The following touch events exist:

  • touchstart: Occurs when a finger is placed on the screen
  • touchend: Occurs when a finger is removed from the screen
  • touchmove: Occurs when a finger already placed on the screen is moved across the screen
  • touchcancel: Occurs when a touch is cancelled before the finger is actually removed from the screen

While it might seem that there should be a 1:1 mapping between a touch event and a mouse event—after all, your finger works much like a cursor—it turns out that TouchEvent objects do not include properties that you might expect to see. For example, pageX and pageY properties are not populated. This is because, with a mouse, you really only have one point of contact: the cursor. With a multi-touch device, though, you could (for example) keep two fingers held down on the left of the screen while you tap the right side of the screen, and all three points are registered.

In order to provide information about all touch points at once, every TouchEvent object has a property containing information about every finger that’s currently touching the screen. It also has two other properties: one which contains a list of information for fingers that originated from the current target node, and one which contains only the information for fingers that are associated with the current event. These properties are:

  • touches: A list of information for every finger currently touching the screen
  • targetTouches: Like touches, but is filtered to only the information for finger touches that started out within the same node
  • changedTouches: A list of information for every finger that has changed state due to the event (see below)

To better understand what might be in these lists, let’s go over some examples quickly.

  • When you put one finger down, all three lists will provide the same information.
  • When you put a second finger down, touches will contain two items, one for each finger. targetTouches will have two items only if the second finger was placed in the same node as the first finger (otherwise it will only contain the second finger). changedTouches will only have information related to the second finger, because it’s what triggered the event.
  • If you put two fingers down at exactly the same time, you will get two items in changedTouches, one for each finger that triggered the event.
  • If you move your fingers, the only list that will change is changedTouches. It will contain information about the finger or fingers that moved.
  • When you lift a finger, it will be removed from touches and targetTouches, and will appear in changedTouches, since it’s what caused the event.
  • Removing your last finger will leave touches and targetTouches empty, and changedTouches will contain information about the last finger.

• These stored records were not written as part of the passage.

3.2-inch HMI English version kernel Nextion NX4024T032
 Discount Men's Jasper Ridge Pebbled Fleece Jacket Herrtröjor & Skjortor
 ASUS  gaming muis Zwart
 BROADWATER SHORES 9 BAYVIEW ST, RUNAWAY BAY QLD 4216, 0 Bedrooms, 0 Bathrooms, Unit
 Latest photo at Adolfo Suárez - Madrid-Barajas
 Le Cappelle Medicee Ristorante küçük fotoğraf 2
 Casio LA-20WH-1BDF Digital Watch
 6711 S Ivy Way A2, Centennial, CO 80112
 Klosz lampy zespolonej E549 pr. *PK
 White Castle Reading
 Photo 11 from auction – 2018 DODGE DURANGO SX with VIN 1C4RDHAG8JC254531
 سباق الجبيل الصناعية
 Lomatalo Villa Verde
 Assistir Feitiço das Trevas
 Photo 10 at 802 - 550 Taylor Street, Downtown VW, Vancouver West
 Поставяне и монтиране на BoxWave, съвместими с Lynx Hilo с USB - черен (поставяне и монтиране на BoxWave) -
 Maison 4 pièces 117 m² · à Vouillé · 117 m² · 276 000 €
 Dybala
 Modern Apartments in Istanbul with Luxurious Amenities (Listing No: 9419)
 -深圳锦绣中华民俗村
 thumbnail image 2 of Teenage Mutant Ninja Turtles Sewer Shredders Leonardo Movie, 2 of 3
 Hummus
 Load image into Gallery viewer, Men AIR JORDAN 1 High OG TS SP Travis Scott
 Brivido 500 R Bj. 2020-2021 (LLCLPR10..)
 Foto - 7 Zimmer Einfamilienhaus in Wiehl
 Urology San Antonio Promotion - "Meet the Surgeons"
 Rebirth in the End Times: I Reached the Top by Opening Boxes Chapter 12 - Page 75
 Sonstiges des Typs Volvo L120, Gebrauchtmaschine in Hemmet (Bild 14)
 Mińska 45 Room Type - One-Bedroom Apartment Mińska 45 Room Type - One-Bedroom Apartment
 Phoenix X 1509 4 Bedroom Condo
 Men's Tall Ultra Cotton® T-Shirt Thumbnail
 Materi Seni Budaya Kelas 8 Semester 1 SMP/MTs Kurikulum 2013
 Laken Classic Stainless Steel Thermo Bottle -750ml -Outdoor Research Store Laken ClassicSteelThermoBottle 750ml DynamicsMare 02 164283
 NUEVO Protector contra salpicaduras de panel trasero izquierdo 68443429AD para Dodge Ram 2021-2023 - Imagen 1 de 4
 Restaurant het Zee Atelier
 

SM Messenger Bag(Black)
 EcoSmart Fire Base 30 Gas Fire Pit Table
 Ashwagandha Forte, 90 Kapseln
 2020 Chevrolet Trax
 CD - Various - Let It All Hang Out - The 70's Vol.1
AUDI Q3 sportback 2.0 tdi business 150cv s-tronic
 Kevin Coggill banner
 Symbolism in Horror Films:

Using these lists, it is possible to keep very close tabs on what the user is doing. Imagine creating a(nother) Super Mario clone in JavaScript—you’d be able to tell what direction pad the user currently has his or her thumb on, while also being able to watch for when the user wants to jump or shoot a fireball when they touch another virtual button elsewhere.

So far, we’ve been discussing lists of information about fingers on the screen, but we haven’t talked about what this information looks like. The objects contained in the touches lists have properties similar to what you’d see on a MouseEvent object. The following is the full list of properties for these objects:

  • clientX: X coordinate of touch relative to the viewport (excludes scroll offset)
  • clientY: Y coordinate of touch relative to the viewport (excludes scroll offset)
  • screenX: Relative to the screen
  • screenY: Relative to the screen
  • pageX: Relative to the full page (includes scrolling)
  • pageY: Relative to the full page (includes scrolling)
  • identifier: An identifying number, unique to each touch point (finger) currently active on the screen
  • target: The DOM node that the finger is touching

One of the annoyances of writing Web applications for smartphones has been that even if you set a viewport for your application, dragging your finger around will move the page. Fortunately, the touchmove event object has a preventDefault method that can be used to keep the page still.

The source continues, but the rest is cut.